En algunas ocasiones Gómez trató de combatirlo sin ruido, especialmente con respecto a las intervenciones personales que en varias ocasiones dejaron en evidencia la falta de prudencia y estabilidad emocional.
A fines de octubre el programa Santo y seña de Canal 4 divulgó conversaciones de la fiscal Alicia Ghione, que conduce la investigación del exsenador Gustavo Penadés por 22 delitos sexuales.
Las conversaciones revelaron una excesiva confianza y cordialidad entre Ghione y algunas víctimas. Gómez no tuvo más remedio que intervenir e inició una investigación. Montevideo Portal reveló que al cabo de la reunión en la que tomó esa decisión, Gómez dijo: “Víctimas, sí, amigos, no”. Una frase que parece demagógica porque Ghione continúa al frente de ese caso.
Las filtraciones de información reservada de las investigaciones penales han convertido desde hace tiempo al Ministerio Público en un tembladeral. Gómez no pudo pararlas y recién el martes 7 —un día antes de comparecer ante la Comisión de Constitución y Legislación de Diputados— remitió a los fiscales un memorándum con directivas sobre las cuales será, presuntamente, severo.
Como informó Búsqueda la semana pasada, dos años después de asumir, Gómez les plantea “evitar (…) comentarios públicos” sobre las investigaciones preliminares y recomienda que ante información sensible les pidan a los jueces la reserva.
Esas investigaciones comprenden a las que estén en juego del interés público y a las que considere “prudente” comunicar al ciudadano una vez concretada la formalización.
También expresa la necesidad de evitar comentarios sobre las investigaciones en las redes sociales y eliminar los debates con terceros. Aconseja realizar publicaciones con “particular prudencia” y advierte que el uso incorrecto puede poner en juego el decoro, la imagen y la imparcialidad del fiscal interviniente.
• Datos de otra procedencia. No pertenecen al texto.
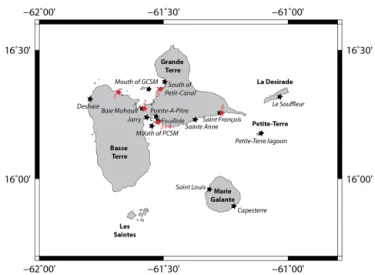 Figure 2. Schematic of Guadeloupe. Geographic location of val- val-idation (Table 2) and comparison (Table 3) points are indicated by black and red symbols, respectively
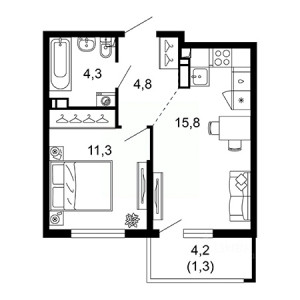 1 комнатная 37.5м²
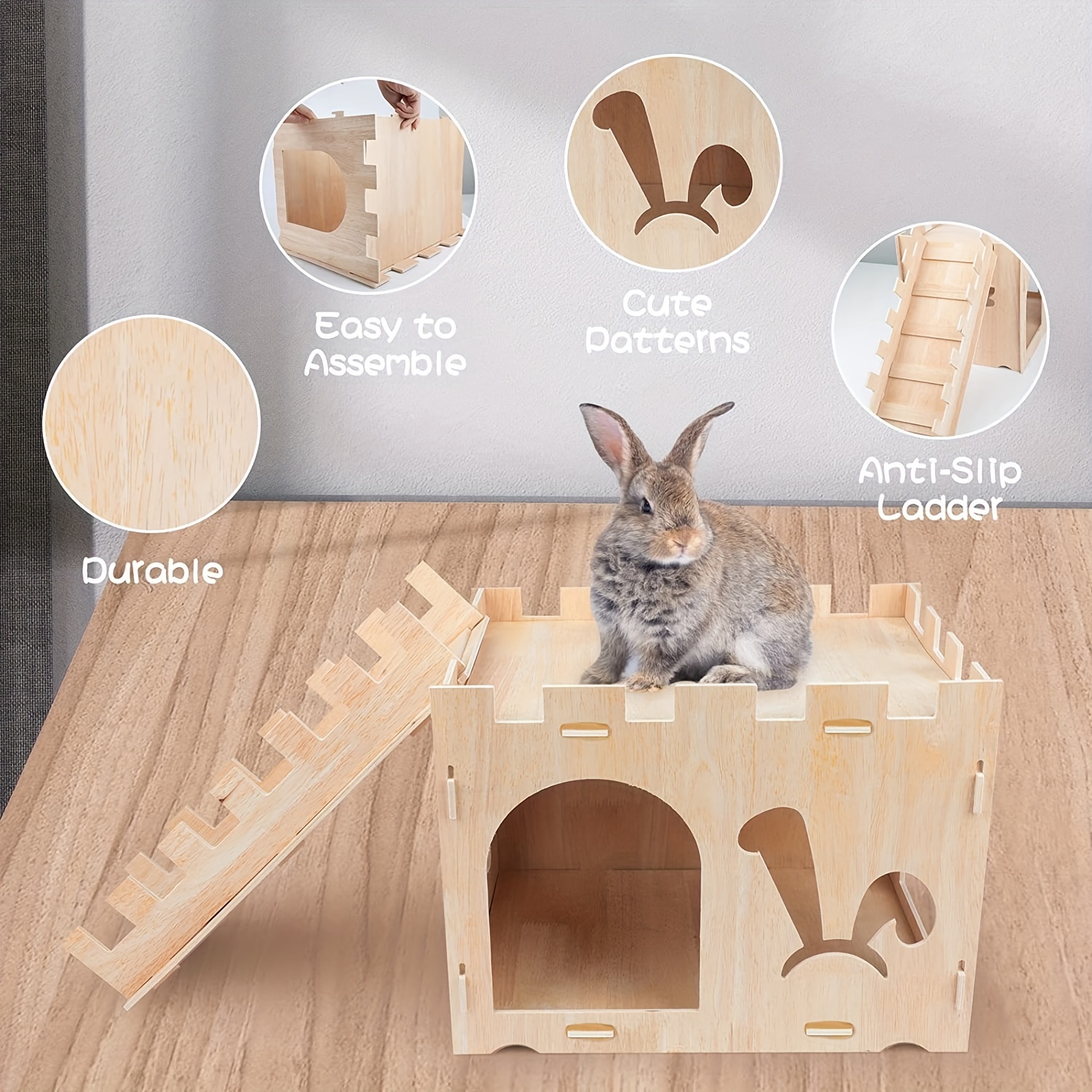 1pc Pet Wooden Diy Hideout House For Hamster Rabbit Small - Temu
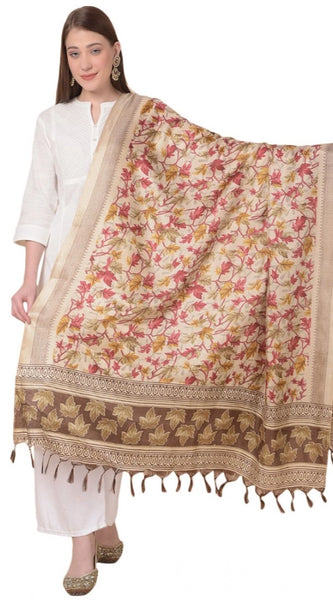 Mayawye Women's Art Silk Printed Dupatta (Gold, Length: 2.25 to 2.50 Mtr)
Sin fundamentos sólidos —salvo un oculto corporativismo— negó ante los legisladores que las “filtraciones” provengan de las fiscalías porque ello supone dificultar sus propias investigaciones.
Este no es el final, y quien sustituya a Gómez —si el Mago Ariel les aconseja a los partidos un candidato— tendrá los mismos problemas. Es que el ego no integra el proceso penal y cada fiscal tiene el suyo.